God provides. There have been times I have gone without sleep, without food, without a home for a little bit, without friends, single, so many things, but these slight deprivation humbled me and taught me to rely on God and I am so very thankful. But I was never without God or what I needed. Those are all things. I needed love and God always loved me. When I sincerely needed food, God always provided that. When I needed a job, I got one. When I needed transportation, God got me a great deal by the time I really needed it. When I needed a break, God granted me a run through His nature and beauty to refresh my soul. God is a wonderful provider and I regret having to go through so many hardships to realize it and humble my haughty soul. But thank God He had the grace and extreme generosity to keep giving me the opportunity to learn that same lesson. God is loving and abounding in grace and even if He is all we have, we have everything we need. God is a good good Father and I am so humbly appreciative and celebrating that fact!! God is so so very good and I live Him. ❤
I am not an excessive person. I am artistic and live beauty, especially nature and what God made but also what other people make that glorifies what God made (other artists). But when you have a home in need of repair, then home improvements can be made. You have to replace things anyway, so might as well make them a little better, newer, nicer, whatever if it falls in the budget. So when the ugly flourescent light fixtures died in the bathrooms (apparently their life expectancy is 28 years), we switched over to an LED fixture that is more reliable, more light and less energy required. Win win! So it is a little more work to take down an enormous dinosaur and space and paint, I love doing those things anyway and it looks phenomenal! So bring on the broken and we will repair them pretty! 🙂
So, turns out even the deepest of mourning and ugly sadness and loss and illness has an end. There is a corner you turn in the process of God’s healing, most probably be a use if we turn the corner too soon, we keep going back to it. It is a decision that cannot come too soon, there is a process. I tried to rush that as I try to rush much of life and recently God helped me make a conscience decision to relax, be quiet, simplify and wait it out. I did so and with the help of God, my husband and kids and a handful of amazing friends, I have indeed turned that corner. I went swimming with the kids yesterday, exercised last night, listened to good music, read, watched a little home improvement shows, and planned some of our own with my husband, whose patience and new encouragement I so appreciate. So there you go. I am living proof of the healing process. I have turned a corner and God’s hope is there.

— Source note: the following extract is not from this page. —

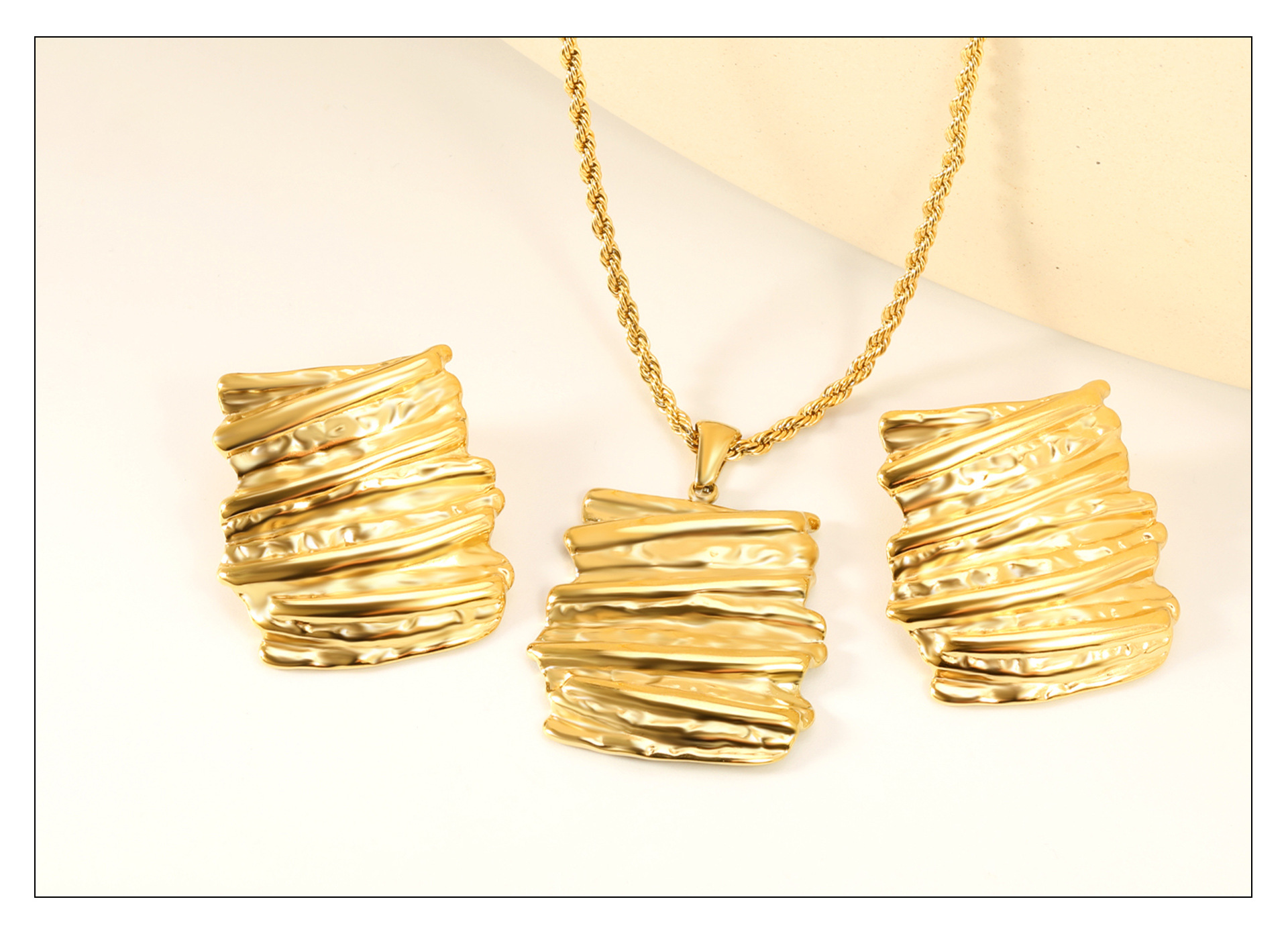 Earrings + Necklace Quantity Wholesale Jewelry Elegant Vintage Style Irregular Bark 304 Stainless Steel Plating Twisted Rope Chain Earrings Necklace Jewelry Set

I have walked quite literally through the shadow of death and while I never feared because my faith is strong, I wondered if I would live there forever. And my Good Good Father brought me through the valley. And now I understand His quiet methods and timing much better for having gone through it and fully realize His strength and wisdom and not my own that saw me through and led me back to whole. He reseal ed my heart with His healing so it remembers but is renewed stronger. Praise God who is so good! Praise God wisdom go loves us! Praise God wisdom gogo is wise and loving and present!! How I love Him!!!